Fed, i rendimenti dei Treasury riducono la necessità di altri rialzi dei tassi
Un aumento sostenuto dei rendimenti dei Treasury USA a lungo termine potrebbe porre fine allo storico ciclo dei rialzi della banca centrale americana (Fed). Gli esponenti della Federal Reserve, hanno segnalato, che potrebbero smettere di aumentare i tassi di interesse se i rendimenti dei T-Note con lunga scadenza dovessero rimanere vicini ai livelli attuali e l’inflazione dovesse continuare a raffreddarsi.
Fed, i rendimenti dei T-note troppo elevati
La crescita dei rendimenti dei Titoli di Stato USA a lungo termine è iniziata dopo l’ultimo rialzo dei tassi della Fed di 25pb nel meeting di luglio. Il rendimento del Treasury a 10 anni ha recentemente sforato il 5%, ora in calo al 4,5% dopo l’attacco di Hamas contro Israele, che ha scatenato di nuovo la breve corsa degli investitori verso gli asset considerati beni rifugio.
La Fed ha intrapreso la sua campagna di rialzi dei tassi per sconfiggere l’inflazione rallentando l’attività economica. I costi di finanziamento più elevati portano a investimenti e spese più deboli, una dinamica che viene rafforzata quando i tassi più elevati pesano anche sui prezzi delle azioni e di altri asset.
In un discorso tenuto durante il meeting della National Association for Business Economics a Dallas, Lorie Logan, Presidente della Fed di Dallas, ha sottolineato che l’aumento dei rendimenti dei Treasury a lungo termine potrebbe contribuire a raffreddare l’economia, riducendo la necessità di un ulteriore inasprimento della politica monetaria.
L’attuale rialzo dei rendimenti dei Titoli di Stato USA sembra essere guidato da fattori che non possono essere facilmente attribuiti alle prospettive economiche o dalla politica della Fed, come è stato fatto appunto nei mesi scorsi. Ciò suggerisce che il cosiddetto premio a termine, o rendimento extra, richiesto dagli investitori per investire nell’asset con lunga scadenza, è in aumento.
“Se i tassi di interesse a lungo termine rimangono elevati a causa di premi a termine più elevati, potrebbe esserci meno bisogno di aumentare il tasso Fed”, ha detto ieri, il presidente della Fed di Dallas, Lorie Logan, membro votante del comitato di fissazione dei tassi della Fed. Le osservazioni di Logan rappresentano un notevole cambiamento rispetto a quelle di un funzionario della Fed che è stato uno dei principali sostenitori dell’aumento dei tassi quest’anno.

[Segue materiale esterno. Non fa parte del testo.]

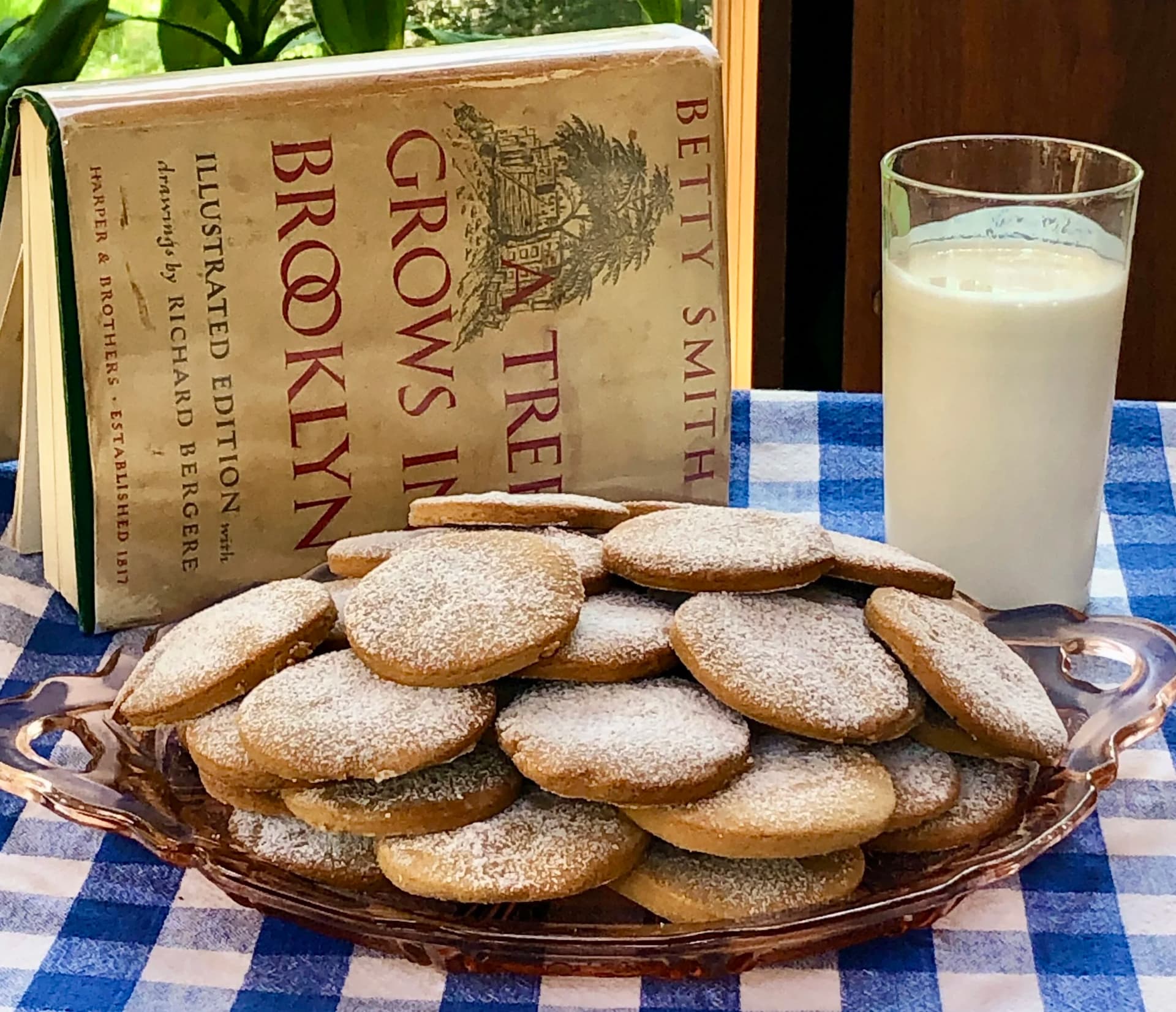 Milk and Cookies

I premi a termine sono difficili da misurare con precisione. Logan ha delineato tre diversi approcci e ha concluso che, in tutte e tre le misure, almeno la metà dell’aumento dei rendimenti dei titoli del Tesoro a lungo termine dalla fine di luglio riflette premi a termine più elevati.
Le ultime mosse della Fed
A luglio la Fed ha alzato i tassi di riferimento portandoli in un intervallo compreso tra il 5,25% e il 5,5%, ovvero sui massimi da 22 anni. Mentre, nel mese di settembre, la banca centrale ha optato per un approccio “wait-and-see” mantenendo i tassi invariati, ma non hanno escluso del tutto un altro rialzo di 25pb entro fine anno.
Secondo CME Fed Watch Tool, le probabilità di lasciare i tassi invariati nel prossimo meeting di novembre sono superiori all’88%, mentre le probabilità di un ulteriore rialzo di 25pb sono dell’11%. Tanto dipenderà dal dato sull’inflazione in uscita giovedì alle 14:30. Le stime di consenso relativi all’inflazione core, depurati da beni alimentari ed energetici, indicano una crescita del 4,3% su anno e dello 0,3% su mese. Mentre, sempre nel mese di settembre, il dato headline, secondo le stime degli economisti, si dovrebbe segnare una crescita del 3,7% su base annuale e dello 0,6% su mese.